Telephonophobia: It’s a Real Thing, Study Says
It’s no secret that smartphone technology has drastically changed the way we communicate. But are some workers actually afraid to make an old-fashioned phone call? You bet, according to one recent study.
Telephonophobia: 1. (noun) The fear of making phone calls in the workplace.
You’re not likely to find that definition in the latest edition of the Merriam Webster dictionary, but according to a new study, the condition most certainly exists. And it afflicts the young most acutely.

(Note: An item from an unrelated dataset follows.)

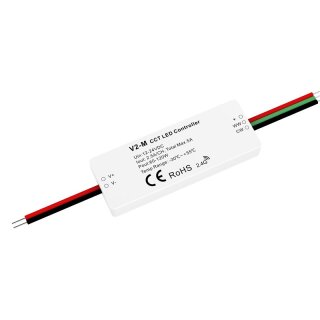 2.4 GHz Mini Controller CCT für Dualweiße LED Bänder 2x2,5A Serie Sky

A survey of 2,500 office workers in the United Kingdom found that about one of every 20 employees between the ages of 18 and 24 suffer from telephonophobia, meaning that making a phone call “terrifies” them. Four in 10 young workers said communicating by phone makes them nervous. And 94 percent of respondents in all age groups said they prefer to use email.
The findings were not surprising to Rebecca Barnes-Hogg, founder and CEO of staff development firm YOLO Insights, LLC. “We’ve got this generation now that’s been raised on technology, and I really have the sense that they’re losing the ability to connect with people because they’ve been in front of a screen almost from the time they were born,” she said.
But the fear of making telephone calls extends beyond younger workers, Barnes-Hogg added—a view supported by the survey, in which 28 percent of all employees said telephone communication made them nervous.
“With the younger generations it may be more pronounced, but I think even for baby boomers, it’s this fear of not knowing what to say or being judged or being vulnerable,” she said. “People hate making a call because they feel like they are being a nuisance or they don’t know what to say or are afraid they won’t be viewed as being knowledgeable enough. It’s really a fear of what people think of us, not necessarily the telephone.”
So how to overcome that fear? Start by Making a personal connection, Barnes-Hogg suggested.
“Don’t just pick up the phone and jump right in,” she said. “Have some pleasantries, break the ice, find that common ground, and build from there, and then suddenly the conversation is easier. It’s not as difficult to talk to somebody when you know a little something about them.”
Developing confidence in phone or face-to-face conversation is important, she said, because these forms of communication can bring about clearer understanding.
“We’ve all had those email trails that just go on and on, and it’s just like a bouncing ball, and it gets worse and worse,” she said. Picking up the phone can clarify things, and “you could save a whole lot of time and emotional trauma.”
The key to perfecting the art of the phone call, like anything else in life, is practice.
“Anything you do becomes more comfortable when it becomes a habit,” Barnes-Hogg said. “It’s like a duck on a pond—they look so graceful, but what you don’t see are its feet underneath the water frantically kicking away.
“You might never be 100 percent comfortable, but you can get over that fear and sound confident and in control while you’re on the phone.”